The QueQue
The QueQue: Castro stumps for marriage equality, Plastic bag reduction sagging, Active-duty military suicides jump
Published: January 25, 2012
Plastic bags suck. Not only do they litter the Texas landscape and clog sewer lines but they break down into an environmental poison in our lakes, rivers, and ocean. Several Texas cities are phasing them out as a result. Brownsville and Fort Stockton banned them outright. Austin is moving toward a ban on both single-use plastic and paper bags. South Padre Island only allows compostable disposables. San Antonio, however, is pursuing a softer route, aiming instead to merely reduce plastic bag use by 25 percent while upping recycling by a similar amount. City Manager Sheryl Sculley briefed the Council on the limited successes on limited ambitions before lunch on Thursday. According to a delayed first-quarter report, recycling may turn out to be the easy part. While an effort involving five major retailers saw a 26 percent uptick in recycling the bags, there has been no reduction in their use.

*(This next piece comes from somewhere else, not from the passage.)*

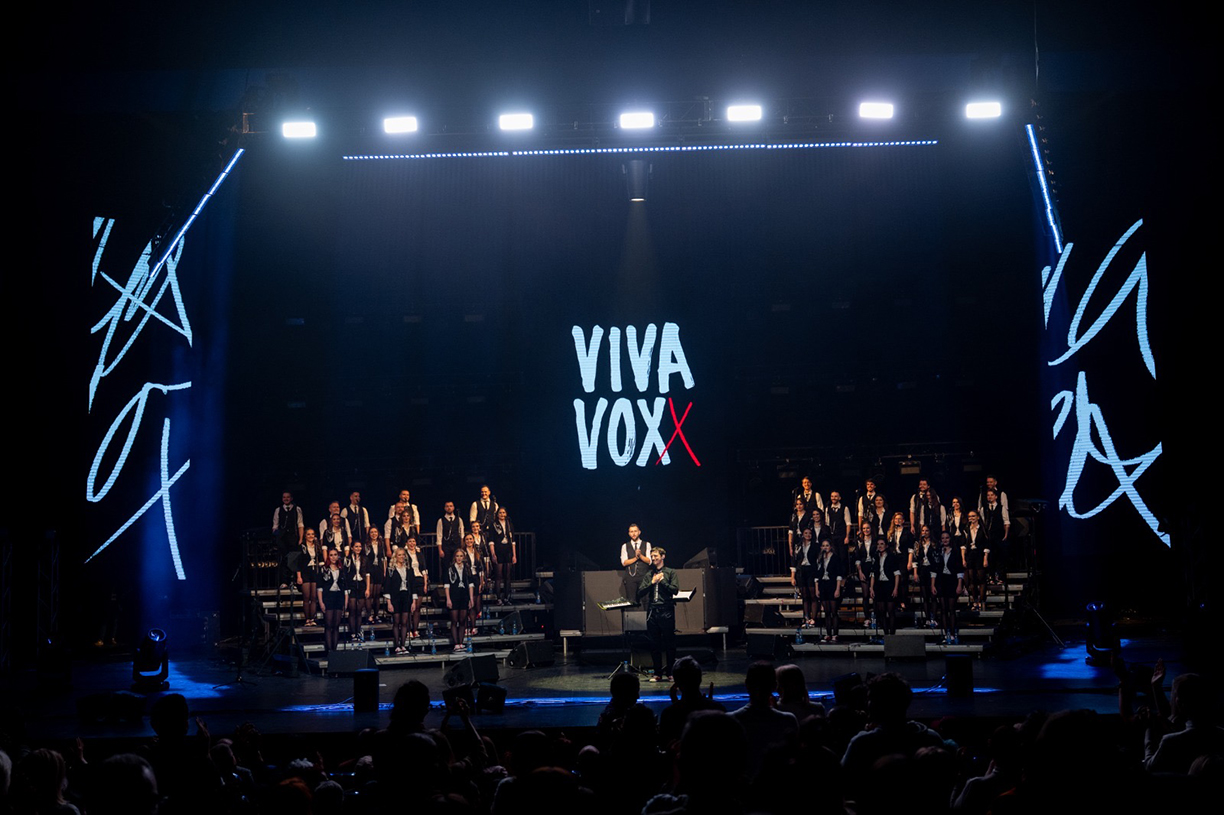 Tri muzičke večeri u Botaničkoj bašti: Horovi pobeđuju, (ne)normalni i ABBA Tribute 2 Tri muzičke večeri u Botaničkoj bašti: Horovi pobeđuju, (ne)normalni i ABBA Tribute 2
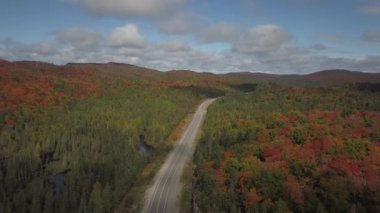 Sonbahar renk sezonunda güzel bir Kanada Manzara havadan görünümü. Pointe-a-la-Croix yakınlarında çekilmiş, Quebec, Kanada.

When interviewed later in the day, SA Solid Waste Director David McCary said there will always be a place for plastic bags in San Antonio (QueQue assumes he means bags of the big, black variety) and defended the progress made to date ("You're probably seeing more designer reusable bags then ever before. The community gets it.") before admitting that the poor results should send a signal to participating retailers, including H-E-B, Target, WalMart, Walgreens, and JC Penny. "No matter how many reusable bags people buy, you still need cashiers to always remind everybody," he said. The poor numbers "let's [retailers] know more work has to be done. We have to strike up that communication and not assume the consumer knows." Future outreach efforts with Keep San Antonio Beautiful include a bag swap (your plastic for their reusables) at the Pearl Brewery Complex and cleanups at areas of high bag litter.
Active-duty military suicides jump
In an alarming mix of bad news/better news, U.S. Army officials announced last week that suicides among active duty soldiers hit an all-time high in 2011, though troop suicide, including within non-mobilized National Guard and Reserve units, has finally started to decrease after climbing steadily for years. The numbers come from a new U.S. Army report, "Generating Health and Discipline in the Force," reviewing the overall health of a military that's seen a decade of war. Officials said 164 active duty Army, National Guard, and Reserve troops committed suicide in 2011 — the highest since the Army began tracking the number — compared to 159 in 2010 and 162 in 2009. The report also found: "Many Soldiers who are suffering from behavioral health issues or "invisible wounds" remain undetected throughout the Force, suffering in silence in Army formations at camps, posts and stations and — within the Reserve Component — across communities nationwide."